What's wrong with computer science reviewing?

There is a sense among some researchers in computer science that many peer reviews in our field are bad — in particular, too often unfairly slanted against papers in various ways that do not encourage good science and engineering. Why might this be happening and what can we do about it?

[Aside: you can now follow me on Google+. Short posts there, long posts here.]

The problem

First of all, let me be clear: (1) I think most reviews, regardless of whether they recommend acceptance or rejection, are well done and reflect care and significant time that the reviewers have invested. (2) Exciting, impactful research still manages to get done, so the system does generally work pretty well. Still, that doesn't mean we can't improve it. (3) Despite the fact that I try to take care with each review, statistically speaking I have probably committed each of the problems discussed here.

With the fine print out of the way ... what is this possible problem? The evidence is almost all ancedotal and biased. But since that is all we have, let me supply some anecdotes, first that reviews are often negative:

  • This July's edition of Computer Communication Review rejected all its peer-reviewed submissions, thus matching (at least for one issue) the Journal of Universal Rejection as the most prestigious journal as judged by acceptance rate.

  • Jeffrey Naughton critiqued the state of research in the databases community with bad reviewing ("Reviewers hate EVERYTHING!") as a key problem, giving the anecdote that in SIGMOD 2010, out of 350 submissions, only paper 1 had all reviews rate it "accept" or higher; and only 4 had an average rating of "accept" or higher.

  • Taking a recent major systems-and-networking-related conference as a representative presumably-normal example, papers received generally 4 or 5 reviews and were scored on a scale of 1 to 5. Out of about 177 submissions, only six accepted papers received any 5's. Only one received more than a single 5, which also says something about variance.

  • "...there is a pervasive sense of unease within these communities about the quality and fairness of the review process and whether our publication processes truly serve the purposes for which they are intended. ... It was clear from the reaction to the panel that concerns with the reviewing process cut across many, if not all, fields of computer science." (Panel summary from a session at the 2008 CRA Conference at Snowbird)

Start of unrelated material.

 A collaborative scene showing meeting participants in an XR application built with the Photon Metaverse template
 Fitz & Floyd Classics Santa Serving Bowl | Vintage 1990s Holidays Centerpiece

Is it just a reweighting problem? If reviews were just conservative numerically, any problem could be fixed by "curving" the scores up. That would be nice, but ... another anecdote:

Even taking into account the fact that the survey included authors whose submissions were rejected and might just be grumpy, those numbers seem undesirable. Reviews are sometimes wrong or emphasize unimportant or subjective problems, even when the paper gets accepted. (And that's not necessarily the reviewer's fault.)

But this is true in every field, right? After all, authors have been complaining about criticisms for centuries. Here, by the way, are a couple favorite criticisms:

"Your manuscript is both good and original. But the part that is good is not original, and the part that is original is not good." (unattributed)
"In one place in Deerslayer, and in the restricted space of two-thirds of a page, Cooper has scored 114 offenses against literary art out of a possible 115. It breaks the record." (Mark Twain, How to Tell a Story and Other Essays.)

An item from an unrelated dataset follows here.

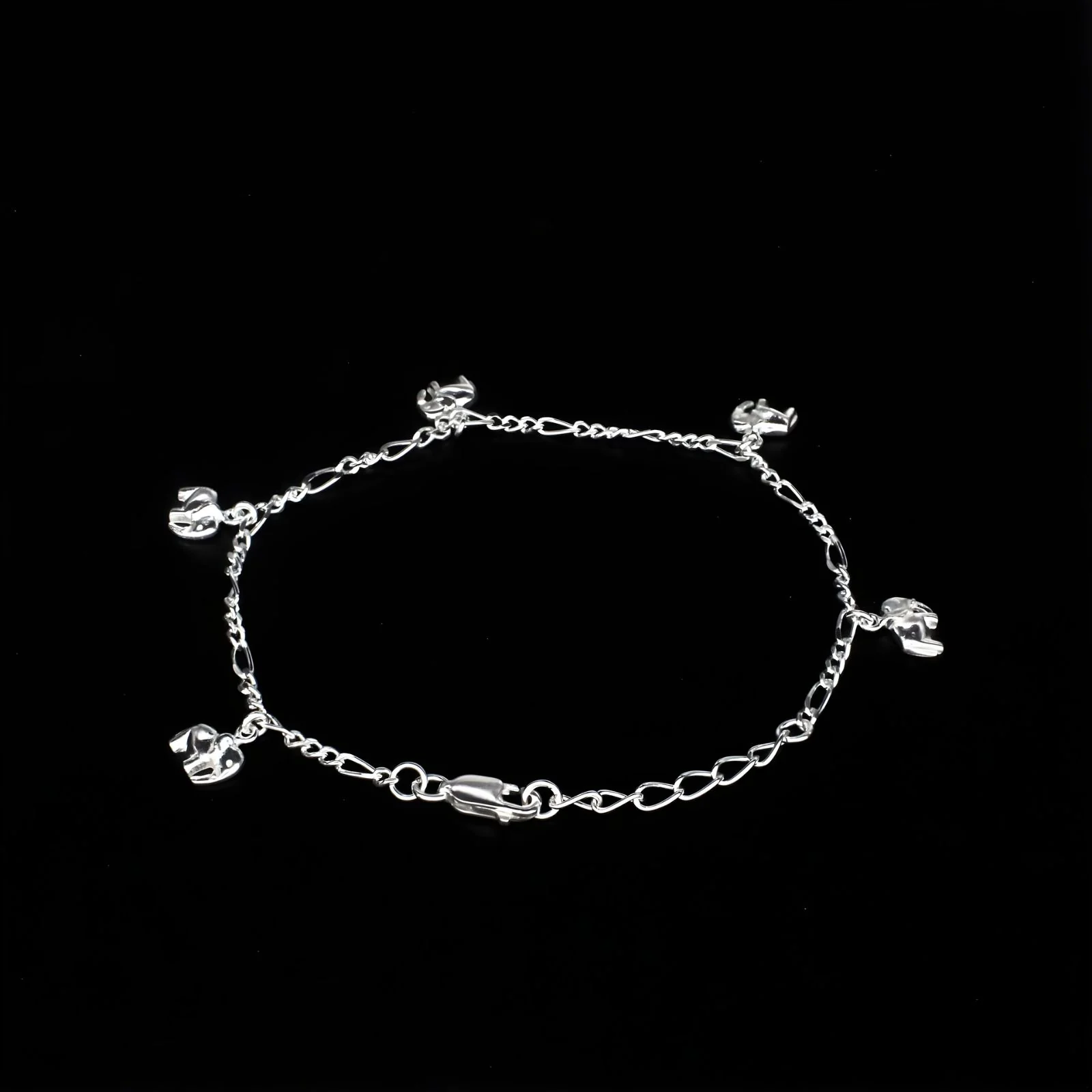 Divine 925 Sterling Silver five elephants charms figaro chain Bracelet for Girls - Image 4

Getting back to the point, there is plenty of precedent for reviewers not seeing the light. But there is anecdotal evidence that this is a bigger problem in CS than in certain other areas:

  • A study of NSF panel reviews found that reviewers in computer science give lower scores on average than in other areas. (Note: I read this in CACM or some other magazine but now I can't find it; if you can, please let me know.) Update: Here's the data: CISE proposals average 0.41 points lower than other directorates.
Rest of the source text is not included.